Gorbachev slams – Havel defends – plans for US radar base
Former Soviet president Mikhail Gorbachev has come out strongly against plans by the US to site a radar base in the Czech Republic – as part of a broader missile defense system in Europe. In an interview for public broadcaster Czech TV on Monday, the former Soviet leader questioned the system was being planned against rogue states like Iran, saying on the contrary it was aimed against Russia and China. His views contrasted those of former Czech president Václav Havel who appeared on the same show. He defended the project – calling it a “first chance” for the Czech Republic to accommodate its ally, the US.

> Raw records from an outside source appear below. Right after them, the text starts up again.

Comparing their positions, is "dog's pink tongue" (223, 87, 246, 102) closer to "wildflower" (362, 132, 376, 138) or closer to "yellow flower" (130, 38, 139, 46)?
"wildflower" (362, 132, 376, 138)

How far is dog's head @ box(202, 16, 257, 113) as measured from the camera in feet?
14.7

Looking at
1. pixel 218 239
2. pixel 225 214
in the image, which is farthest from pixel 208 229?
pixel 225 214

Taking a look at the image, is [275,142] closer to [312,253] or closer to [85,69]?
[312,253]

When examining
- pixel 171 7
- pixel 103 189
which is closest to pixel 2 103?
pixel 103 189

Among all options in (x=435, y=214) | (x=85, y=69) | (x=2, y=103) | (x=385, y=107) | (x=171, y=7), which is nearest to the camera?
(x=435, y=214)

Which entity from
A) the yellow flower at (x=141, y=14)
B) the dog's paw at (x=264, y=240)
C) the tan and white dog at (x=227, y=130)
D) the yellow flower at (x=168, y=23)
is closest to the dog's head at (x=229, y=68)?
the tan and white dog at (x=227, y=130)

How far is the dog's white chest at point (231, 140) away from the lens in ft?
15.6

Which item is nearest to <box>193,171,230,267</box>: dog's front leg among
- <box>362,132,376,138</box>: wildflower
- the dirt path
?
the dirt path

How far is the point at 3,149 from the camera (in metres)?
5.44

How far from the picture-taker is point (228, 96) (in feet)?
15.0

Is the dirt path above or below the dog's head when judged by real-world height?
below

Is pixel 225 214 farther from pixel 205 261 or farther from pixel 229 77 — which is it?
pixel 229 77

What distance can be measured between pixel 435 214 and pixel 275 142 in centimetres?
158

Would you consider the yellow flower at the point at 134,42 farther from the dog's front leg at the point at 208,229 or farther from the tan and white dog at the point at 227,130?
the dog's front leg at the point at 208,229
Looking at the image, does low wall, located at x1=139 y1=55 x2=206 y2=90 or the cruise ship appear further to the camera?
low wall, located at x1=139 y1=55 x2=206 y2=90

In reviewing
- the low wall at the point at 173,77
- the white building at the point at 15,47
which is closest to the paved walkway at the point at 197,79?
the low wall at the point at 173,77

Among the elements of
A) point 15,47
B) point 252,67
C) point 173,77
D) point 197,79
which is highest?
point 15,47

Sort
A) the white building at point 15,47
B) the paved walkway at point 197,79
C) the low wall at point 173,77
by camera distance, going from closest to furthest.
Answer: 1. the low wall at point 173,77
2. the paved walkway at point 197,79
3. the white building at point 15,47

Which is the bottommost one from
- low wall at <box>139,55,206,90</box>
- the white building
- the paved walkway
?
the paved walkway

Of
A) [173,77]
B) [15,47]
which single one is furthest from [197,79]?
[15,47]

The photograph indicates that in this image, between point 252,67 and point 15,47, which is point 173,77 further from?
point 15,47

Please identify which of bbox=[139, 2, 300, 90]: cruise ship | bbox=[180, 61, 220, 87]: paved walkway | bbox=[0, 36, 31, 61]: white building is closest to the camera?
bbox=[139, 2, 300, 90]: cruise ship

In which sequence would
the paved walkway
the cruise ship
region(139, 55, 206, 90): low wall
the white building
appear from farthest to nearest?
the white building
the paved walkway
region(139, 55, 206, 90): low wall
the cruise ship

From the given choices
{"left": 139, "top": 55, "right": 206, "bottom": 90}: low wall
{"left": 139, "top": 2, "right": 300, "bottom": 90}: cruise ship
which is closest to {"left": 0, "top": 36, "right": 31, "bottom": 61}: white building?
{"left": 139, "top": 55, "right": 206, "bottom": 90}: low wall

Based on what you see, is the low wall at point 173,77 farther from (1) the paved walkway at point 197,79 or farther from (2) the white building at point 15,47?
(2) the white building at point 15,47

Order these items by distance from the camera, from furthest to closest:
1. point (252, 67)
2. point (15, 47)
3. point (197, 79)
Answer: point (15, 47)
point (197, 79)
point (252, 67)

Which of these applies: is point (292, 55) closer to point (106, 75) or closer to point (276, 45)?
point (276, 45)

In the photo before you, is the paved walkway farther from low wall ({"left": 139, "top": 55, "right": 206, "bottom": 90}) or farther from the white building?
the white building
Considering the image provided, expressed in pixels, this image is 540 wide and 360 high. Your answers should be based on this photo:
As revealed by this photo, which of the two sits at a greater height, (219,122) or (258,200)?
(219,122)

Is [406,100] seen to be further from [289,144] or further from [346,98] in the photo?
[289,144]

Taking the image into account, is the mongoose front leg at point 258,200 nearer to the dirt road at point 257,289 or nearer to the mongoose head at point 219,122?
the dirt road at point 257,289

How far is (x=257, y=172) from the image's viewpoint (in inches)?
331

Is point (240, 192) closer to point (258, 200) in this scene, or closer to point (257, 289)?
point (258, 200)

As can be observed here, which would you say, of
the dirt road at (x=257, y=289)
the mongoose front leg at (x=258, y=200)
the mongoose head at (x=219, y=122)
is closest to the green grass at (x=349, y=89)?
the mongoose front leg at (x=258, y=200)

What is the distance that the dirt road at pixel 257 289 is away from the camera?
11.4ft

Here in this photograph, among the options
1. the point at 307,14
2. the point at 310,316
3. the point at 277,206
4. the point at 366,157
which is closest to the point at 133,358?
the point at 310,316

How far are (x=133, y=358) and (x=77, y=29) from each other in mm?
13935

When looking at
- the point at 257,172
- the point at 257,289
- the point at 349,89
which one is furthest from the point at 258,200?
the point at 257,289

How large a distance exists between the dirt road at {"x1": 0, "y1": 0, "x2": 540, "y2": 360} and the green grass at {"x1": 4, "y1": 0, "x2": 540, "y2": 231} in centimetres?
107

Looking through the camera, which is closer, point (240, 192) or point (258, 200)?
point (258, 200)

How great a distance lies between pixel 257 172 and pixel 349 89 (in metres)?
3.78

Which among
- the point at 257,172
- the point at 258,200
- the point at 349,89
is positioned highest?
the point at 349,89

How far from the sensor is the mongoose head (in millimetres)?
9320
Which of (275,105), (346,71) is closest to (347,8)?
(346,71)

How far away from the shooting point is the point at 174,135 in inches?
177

Two legendary political figures, two opposing views on missile defense: on Monday Mikhail Gorbachev and Václav Havel both addressed the issue in separate interviews for Czech TV. Not altogether surprisingly, Mr Gorbachev came out against, making clear just how sensitive an issue missile defense is for Russians: “You believe [the system] will be used against Iran?” the former Soviet leader said, “The whole system is aimed against Russia and China”. His words echoed many months of criticism by the Kremlin, which has so far failed to see eye to eye on the matter with the US. A little earlier I spoke to Oldřich Bureš, a specialist on Russia at Charles University:
“I was a bit surprised by what Mr Gorbachov had to say: not by the fact that he is against the US missile defense system, but by the sharpness of his criticism and the arguments that he used, especially his treatment of the system as ‘offensive’ and the fact he neglected the technical issues. Otherwise, I think his words were fully in line with current Russian foreign policy. I cannot recall any Russian official – past or present – coming out in favour of the system or simply not opposing this project. ”

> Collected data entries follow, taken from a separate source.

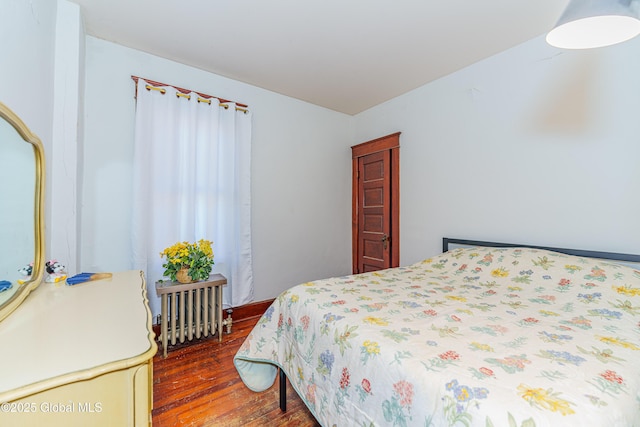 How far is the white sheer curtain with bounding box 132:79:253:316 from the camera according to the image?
92.7 inches

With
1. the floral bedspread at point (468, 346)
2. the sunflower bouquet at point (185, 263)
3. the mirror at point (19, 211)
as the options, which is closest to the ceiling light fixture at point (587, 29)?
the floral bedspread at point (468, 346)

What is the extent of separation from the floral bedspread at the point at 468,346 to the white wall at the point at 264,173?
1.50m

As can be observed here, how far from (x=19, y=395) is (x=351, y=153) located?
366 centimetres

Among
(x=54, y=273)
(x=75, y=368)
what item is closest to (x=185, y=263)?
(x=54, y=273)

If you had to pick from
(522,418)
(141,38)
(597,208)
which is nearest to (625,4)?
(597,208)

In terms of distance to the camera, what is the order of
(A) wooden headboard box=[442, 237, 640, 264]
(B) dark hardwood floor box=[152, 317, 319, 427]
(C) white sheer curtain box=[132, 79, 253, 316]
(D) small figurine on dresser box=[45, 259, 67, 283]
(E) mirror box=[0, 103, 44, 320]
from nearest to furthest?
(E) mirror box=[0, 103, 44, 320] < (D) small figurine on dresser box=[45, 259, 67, 283] < (B) dark hardwood floor box=[152, 317, 319, 427] < (A) wooden headboard box=[442, 237, 640, 264] < (C) white sheer curtain box=[132, 79, 253, 316]

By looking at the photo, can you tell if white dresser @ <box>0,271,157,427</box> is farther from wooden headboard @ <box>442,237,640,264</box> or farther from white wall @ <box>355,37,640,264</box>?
white wall @ <box>355,37,640,264</box>

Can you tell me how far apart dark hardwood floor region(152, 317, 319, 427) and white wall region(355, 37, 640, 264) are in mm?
1976

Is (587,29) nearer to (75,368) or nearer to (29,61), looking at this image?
(75,368)

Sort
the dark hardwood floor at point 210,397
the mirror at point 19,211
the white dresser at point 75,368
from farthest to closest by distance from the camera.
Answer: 1. the dark hardwood floor at point 210,397
2. the mirror at point 19,211
3. the white dresser at point 75,368

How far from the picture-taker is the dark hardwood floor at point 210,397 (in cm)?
155

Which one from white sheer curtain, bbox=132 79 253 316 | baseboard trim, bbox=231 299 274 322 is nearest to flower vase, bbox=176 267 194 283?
white sheer curtain, bbox=132 79 253 316

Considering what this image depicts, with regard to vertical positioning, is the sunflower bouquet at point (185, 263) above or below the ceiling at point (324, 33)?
below

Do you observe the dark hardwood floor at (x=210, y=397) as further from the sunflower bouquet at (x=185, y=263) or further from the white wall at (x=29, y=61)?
the white wall at (x=29, y=61)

It is difficult to gauge why Mr Gorbachev reacted as strongly as he did, although the reason could lie in the past. Once again, Oldřich Bureš:
“This is purely speculative but you could argue that the whole project started under Mr Gorbachev’s watch when Ronald Reagan first came forward with the Star Wars defense initiative. Maybe there is some residual from the past which still haunts him.”
In his words, at times Russia “seemed to forget where its borders began and ended”, thinking that “what belonged to it once, belonged to it still”.
Most Czechs, polls suggest, are still opposed to a US radar base being stationed on Czech territory but that hasn’t stopped the Czech government from going ahead with the project. Representatives are now in final negotiations and talks with the US are expected to wrap up soon. According to many analysts – both here and abroad - Russia may react with discontent, but there is little it can do to prevent the radar from becoming a reality if the US and the Czech Republic strike a deal.